RECORD EXCERPTS:

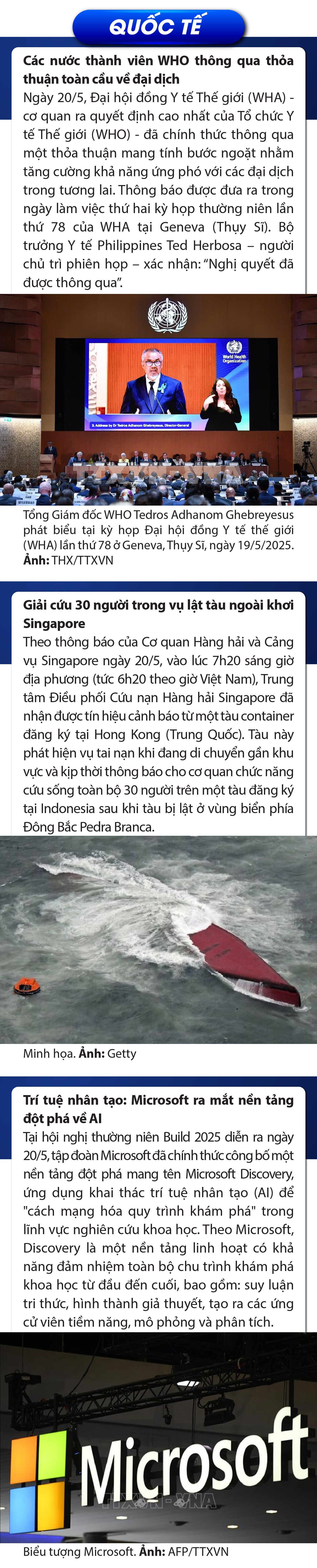 Sự kiện nổi bật trong nước, quốc tế ngày 20/5/2025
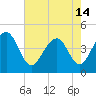 Tide chart for Capers Creek, Capers Island, South Carolina on 2024/05/14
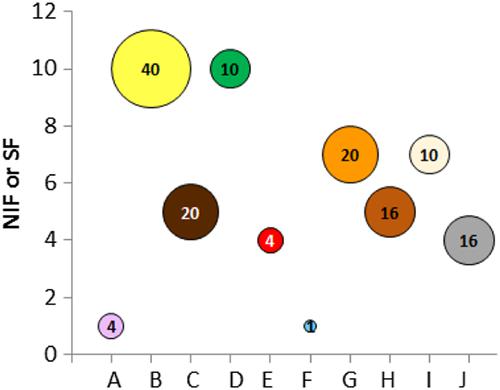 10.1002/ffj.3426图片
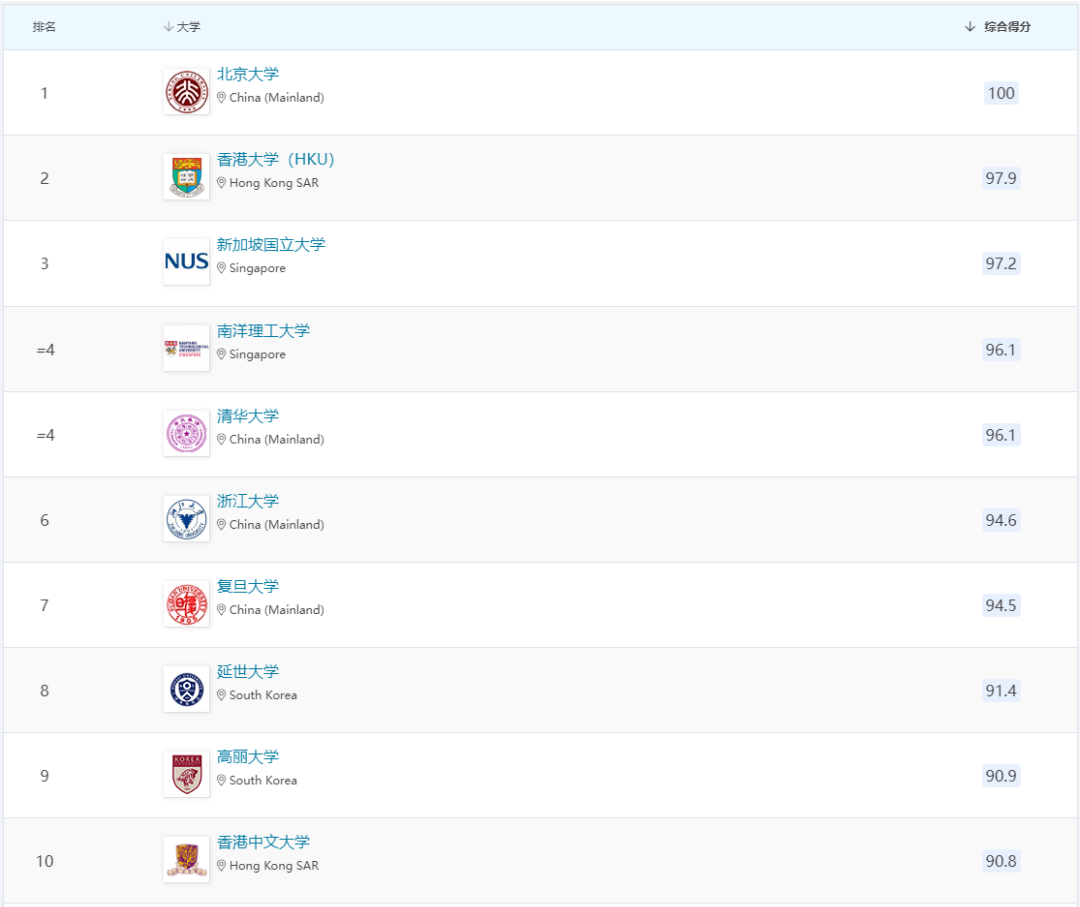 亞洲大學(xué)前十_亞洲大學(xué)100強(qiáng)名單_亞洲大學(xué)前100名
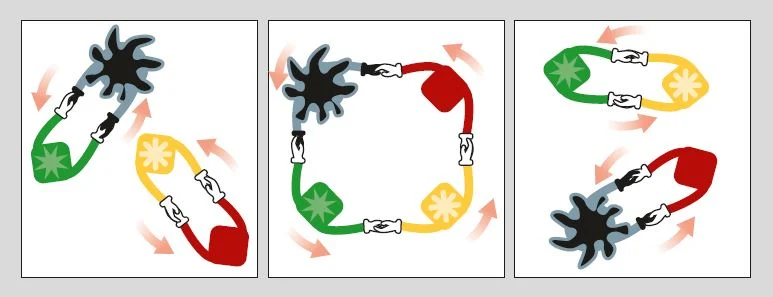 The dance metaphor: two compounds with double bonds “hold hands,” then let go and bond with other atoms, constantly forming new dancing pairs.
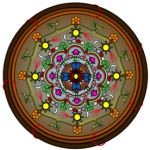 Floral image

EXERCISE DESCRIPTION:
Return the listing above word for word, with the pictures removed.

WRITTEN SOLUTION:
 Sự kiện nổi bật trong nước, quốc tế ngày 20/5/2025
 Tide chart for Capers Creek, Capers Island, South Carolina on 2024/05/14
 10.1002/ffj.3426图片
 亞洲大學(xué)前十_亞洲大學(xué)100強(qiáng)名單_亞洲大學(xué)前100名
 The dance metaphor: two compounds with double bonds “hold hands,” then let go and bond with other atoms, constantly forming new dancing pairs.
 Floral image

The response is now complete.